When the CPU has a data cache, a dangerous situation arises: the CPU may hold a cached copy of Chip RAM data that has been modified by DMA hardware (Blitter, disk DMA), or the CPU may modify cached Chip RAM data that DMA hardware expects to read. This is the cache coherency problem — the cache and main memory disagree about the current state of data.

Per-CPU Cache Characteristics

CPU	Data Cache	Write Policy	Bus Snooping	Coherency Strategy
68000	None	N/A	N/A	No problem — all accesses go to RAM
68020	256-byte instruction cache	N/A	N/A	No data cache — no coherency issue
68030	256-byte data + 256-byte inst.	Write-through	None	Software must invalidate after DMA writes
68040	4 KB data + 4 KB inst.	Copyback	Optional (often not wired)	Software must flush before DMA reads, invalidate after DMA writes
68060	8 KB data + 8 KB inst.	Copyback + store buffer	Optional (rarely wired)	Same as 68040, plus store buffer drain

The Problem in Practice

Scenario: CPU writes a new Copper list to Chip RAM, then triggers Copper restart

CPU cache (copyback):     Contains modified Copper list data
Chip RAM (main memory):   Contains STALE Copper list data
Copper DMA reads from:    Chip RAM (not the CPU cache!)

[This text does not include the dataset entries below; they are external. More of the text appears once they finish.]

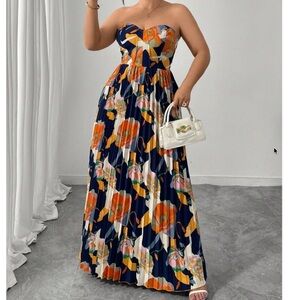 Floral Strapless Maxi Dress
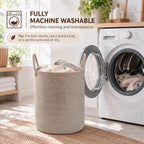 60L Cotton Rope Laundry Basket Hamper, Oatmeal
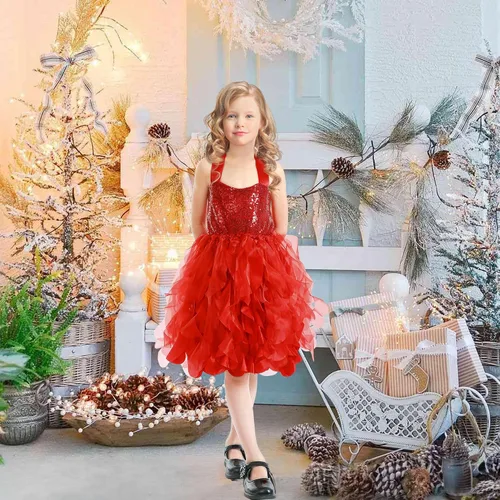 Miniatura 9 de Vestido tutú para niñas, vestido de tul con lentejuelas, vestido de princesa para niñas pequeñas, disfraz de fiesta de cumpleaños brillante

Result: Copper executes the OLD list → display corruption

The AmigaOS Solution: CachePreDMA / CachePostDMA

AmigaOS provides two exec functions for DMA-safe memory access:

/* Before DMA device reads from memory (Blitter source, display, audio) */
CachePreDMA(address, &length, DMA_ReadFromRAM);
/* → Flushes CPU data cache for the specified range
      so DMA reads the latest data from RAM */

/* After DMA device writes to memory (Blitter dest, disk read) */
CachePostDMA(address, &length, DMA_ReadFromRAM);
/* → Invalidates CPU data cache for the specified range
      so CPU reads the updated data from RAM, not stale cache */

When to Flush vs. Invalidate

Scenario	Action	Function	Why
Before Blitter reads source	Flush (push dirty cache lines to RAM)	CachePreDMA()	Blitter must see latest CPU-written data
Before audio DMA plays sample	Flush	CachePreDMA()	Paula must read correct sample data
Before Copper executes list	Flush	CachePreDMA()	Copper reads from RAM, not cache
After Blitter writes destination	Invalidate (discard cached copies)	CachePostDMA()	CPU must see Blitter's output, not stale cache
After disk DMA loads data	Invalidate	CachePostDMA()	CPU must see disk data, not old cache content
After network DMA receives packet	Invalidate	CachePostDMA()	CPU must see received data

The Nuclear Option: CacheClearU / CacheClearE

For simpler cases (or legacy code), exec provides brute-force cache management:

CacheClearU();                           /* Flush + invalidate ALL caches */
CacheClearE(address, length, CACRF_ClearD | CACRF_ClearI);  /* Flush + invalidate specific range */

CacheClearU() is expensive — it flushes the entire data cache, losing all cached Fast RAM data. Use CacheClearE() with a specific range when possible.

Warning

Games that "take over the system" must still manage caches if they run on 68040/060. A common pattern is to disable the data cache entirely (CacheControl(0, CACRF_EnableD)) or set all Chip RAM as cache-inhibited via the MMU. Both approaches sacrifice performance but guarantee coherency.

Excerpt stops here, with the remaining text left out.